What is required. Exactly as they appear, reproduce the lines from the one holding "Summer Shoes Luxury" through the last line of the material below.

--- Data below ---

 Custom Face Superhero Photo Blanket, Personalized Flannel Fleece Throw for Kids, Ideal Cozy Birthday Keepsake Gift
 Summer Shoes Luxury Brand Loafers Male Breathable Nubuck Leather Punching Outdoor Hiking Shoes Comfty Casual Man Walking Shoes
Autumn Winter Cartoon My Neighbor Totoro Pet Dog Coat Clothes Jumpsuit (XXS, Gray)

---

Worked solution.
 Summer Shoes Luxury Brand Loafers Male Breathable Nubuck Leather Punching Outdoor Hiking Shoes Comfty Casual Man Walking Shoes
Autumn Winter Cartoon My Neighbor Totoro Pet Dog Coat Clothes Jumpsuit (XXS, Gray)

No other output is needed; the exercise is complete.